Funded by the Canadian Institute of Health Research (CIHR), Who Will Care in the End: A Pan-Canadian Study of Palliative Care Providers is the first and only study to look at the national picture regarding the palliative care workforce. This research included the development and administration of a new survey to collect data on palliative care providers in Canada, as well as to examine and assess compassion satisfaction and compassion fatigue among them. The survey included validated scales that measure these phenomenon as well as questions to describe socio-demographic profile, work characteristics and practice culture.
Compassion Fatigue has often been referred to as the emotional “cost of caring” for others and has led professionals to abandon their work with traumatized victims in their care1. However, a demonstration of compassion in the long term does not always lead to negative emotional states or outcomes. Compassion Satisfaction stems from the emotional rewards of caring for others in a health care context; clinicians feel a sense of return or incentive by seeing a ‘change for the better’ in patients and families 2, 3. These constructs heretofore have seldom been applied to health personnel in palliative care.
After follow-ups with health care institutions and their officials, we obtained 630 usable surveys from the palliative care workforce across Canada. The average age of the respondents was 52.34 yrs (55.01 for male and 51.75 for female). Our analysis yielded important insight: Compassion Satisfaction is found to be negatively correlated with both Compassion Fatigue and Burn Out, and there is a positive association between Burn Out and Compassion Fatigue. That is, workers experiencing Compassion Satisfaction are less likely to experience Compassion Fatigue and Burn Out. Full time staff and RNs were more likely to experience higher Compassion Fatigue and Burn Out. Therefore, Practice Status and Professional Affiliation appear to denote the intensity and frequency of exposure to secondary stress, and may be considered as a dose-response measure. In addition, the impact of Principal Institution of practice was discernible on levels of Compassion Fatigue and Burn Out but not of Compassion Satisfaction. Details of overall results have been published in the journal of Palliative Medicine in December 2011. Further analysis is in progress and will involve modelling to determine the impact of types of organizational culture and how they can make up for any deficit in professional culture as well as the impacts of individual attributes on Compassion Satisfaction.

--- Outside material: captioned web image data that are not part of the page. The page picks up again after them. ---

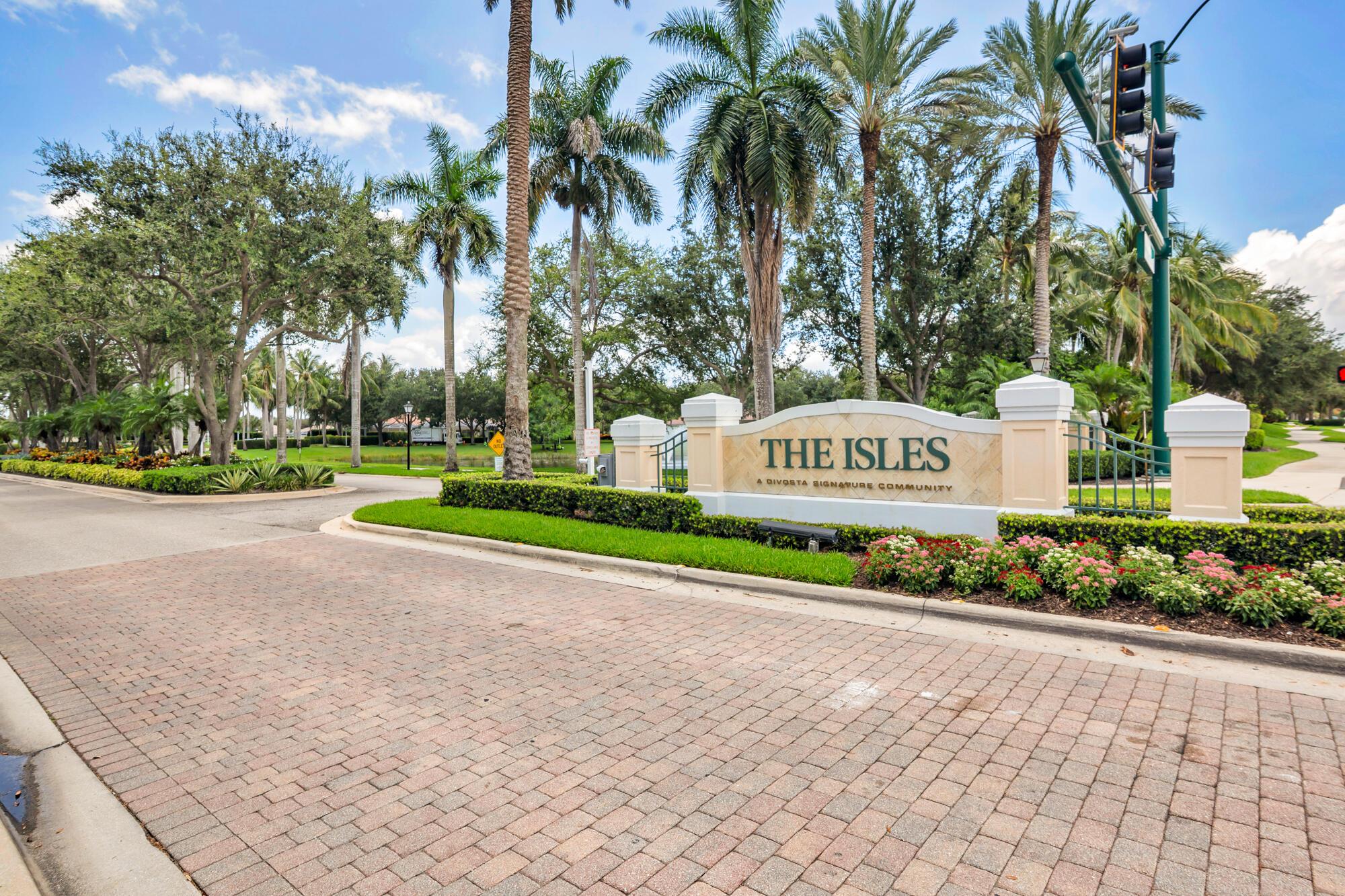 150 Euphrates Circle, Palm Beach Gardens, FL 33410, Palm Beach Gardens - Photo 5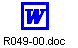 R049-00.doc
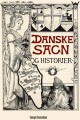 Danske Sagn Og Historier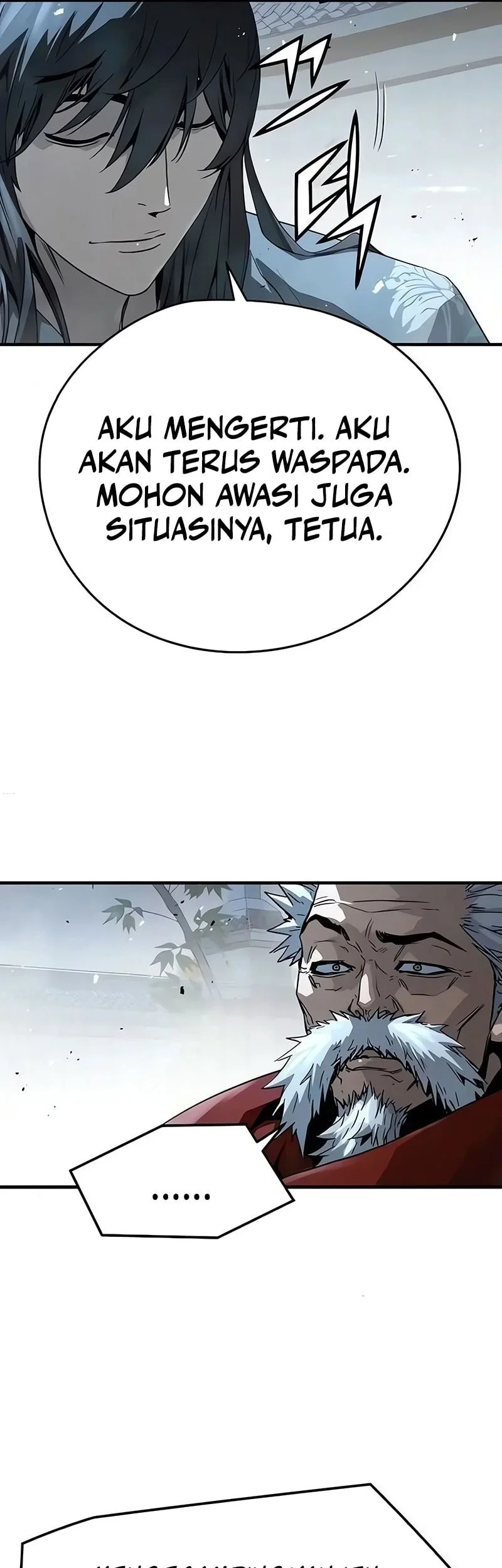 Chapter 95 - halaman 60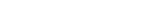    Wedstrijdwateren - Zoet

To share our study findings, a two day meeting of various stakeholder leaders was held in Vancouver last year. Discussions were held among participants to 1) determine which messages held value for the palliative care workforce, 2) determine who the audiences for each message were and 3) outline tools, venues, and platforms for bringing these messages to the target audiences. A two-fold approach, targeting both broad and specific audiences was decided upon. The broad approach incorporates leveraging existing platforms, forums and educational programs to disseminate the main messages at a national level. The targeted approach will involve specific workplaces (eg. Canuck Place – Vancouver, Victoria Hospice, Winnipeg Regional Program and Edmonton Regional Palliative Care Program), among others, to act as early adopters, and use the survey, discussion guides and vignettes as they become available. The second phase of this KT activity is the development and delivery of meaningful and applicable tools for dissemination of the research evidence. This end-of-grant KT phase was also funded by the CIHR.

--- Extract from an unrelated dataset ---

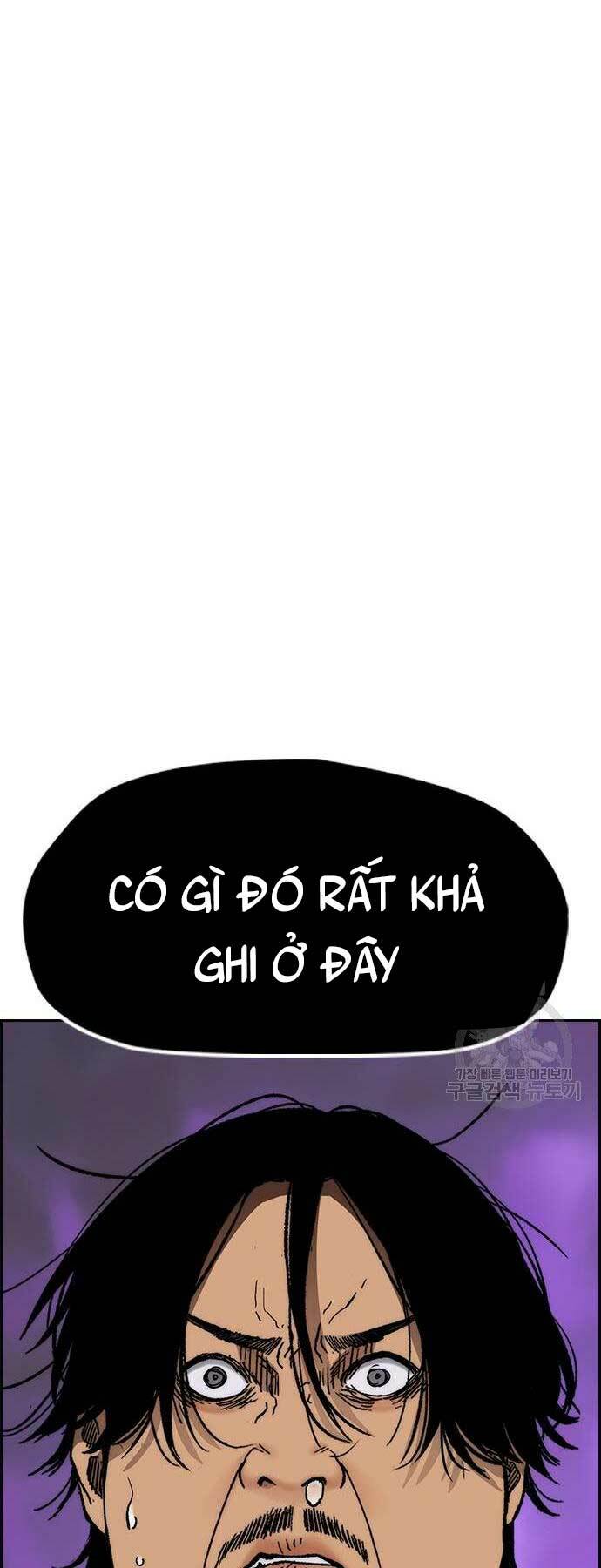 Thể Thao Cực Hạn - Chapter 413 - Page 105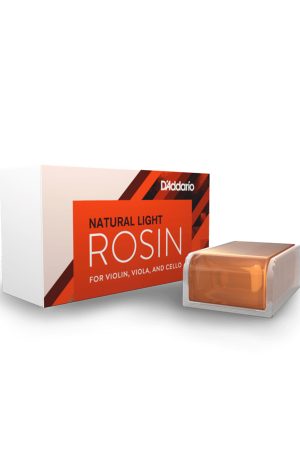 D'Addario VR200 Light Natural Rosin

1. Figley C. (1995a). Compassion fatigue: Toward a new understanding of the costs of caring. In B. Stamm (Ed.), Secondary traumatic stress: Self-care issues for clinicians, researchers, and educators (pp. 3–28). Lutherville, MD: The Sidran Press.
2. Stamm BH. The ProQOL Manual. Retrieved from http://www.proqol.org/ProQOl_Test_Manuals.html (accessed Oct 2005)
3. Alkema K, Linton JM, Davies R. A study of the relationship between self-care, compassion satisfaction, compassion fatigue, and burnout among hospice professionals. J Soc Work End Life Palliat Care 2008; 4 (2): 101-119.